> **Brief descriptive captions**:

══════════

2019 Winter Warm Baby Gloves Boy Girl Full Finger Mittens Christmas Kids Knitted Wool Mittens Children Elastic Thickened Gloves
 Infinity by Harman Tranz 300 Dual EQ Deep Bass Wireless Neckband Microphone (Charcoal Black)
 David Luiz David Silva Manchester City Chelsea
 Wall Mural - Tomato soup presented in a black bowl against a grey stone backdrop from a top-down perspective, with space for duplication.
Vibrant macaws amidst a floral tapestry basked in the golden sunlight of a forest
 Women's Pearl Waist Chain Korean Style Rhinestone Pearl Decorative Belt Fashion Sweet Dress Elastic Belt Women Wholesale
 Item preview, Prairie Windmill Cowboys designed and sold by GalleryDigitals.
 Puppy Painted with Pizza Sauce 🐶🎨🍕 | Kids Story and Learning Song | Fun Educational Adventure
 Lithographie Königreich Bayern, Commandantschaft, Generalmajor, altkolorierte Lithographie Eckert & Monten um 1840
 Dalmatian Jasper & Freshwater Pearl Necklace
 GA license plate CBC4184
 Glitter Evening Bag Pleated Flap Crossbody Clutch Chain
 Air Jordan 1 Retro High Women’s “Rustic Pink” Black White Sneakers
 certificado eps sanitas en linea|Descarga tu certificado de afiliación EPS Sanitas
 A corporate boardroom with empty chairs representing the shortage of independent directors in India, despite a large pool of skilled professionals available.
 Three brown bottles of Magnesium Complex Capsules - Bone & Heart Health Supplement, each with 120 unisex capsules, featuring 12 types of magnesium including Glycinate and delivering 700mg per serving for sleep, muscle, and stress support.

══════════

> **What to produce**: In the entries above, restate word for word the lines between the one holding "Infinity by Harman" and the one holding "A corporate boardroom", inclusive, and nothing besides.

> **Reply**:
 Infinity by Harman Tranz 300 Dual EQ Deep Bass Wireless Neckband Microphone (Charcoal Black)
 David Luiz David Silva Manchester City Chelsea
 Wall Mural - Tomato soup presented in a black bowl against a grey stone backdrop from a top-down perspective, with space for duplication.
Vibrant macaws amidst a floral tapestry basked in the golden sunlight of a forest
 Women's Pearl Waist Chain Korean Style Rhinestone Pearl Decorative Belt Fashion Sweet Dress Elastic Belt Women Wholesale
 Item preview, Prairie Windmill Cowboys designed and sold by GalleryDigitals.
 Puppy Painted with Pizza Sauce 🐶🎨🍕 | Kids Story and Learning Song | Fun Educational Adventure
 Lithographie Königreich Bayern, Commandantschaft, Generalmajor, altkolorierte Lithographie Eckert & Monten um 1840
 Dalmatian Jasper & Freshwater Pearl Necklace
 GA license plate CBC4184
 Glitter Evening Bag Pleated Flap Crossbody Clutch Chain
 Air Jordan 1 Retro High Women’s “Rustic Pink” Black White Sneakers
 certificado eps sanitas en linea|Descarga tu certificado de afiliación EPS Sanitas
 A corporate boardroom with empty chairs representing the shortage of independent directors in India, despite a large pool of skilled professionals available.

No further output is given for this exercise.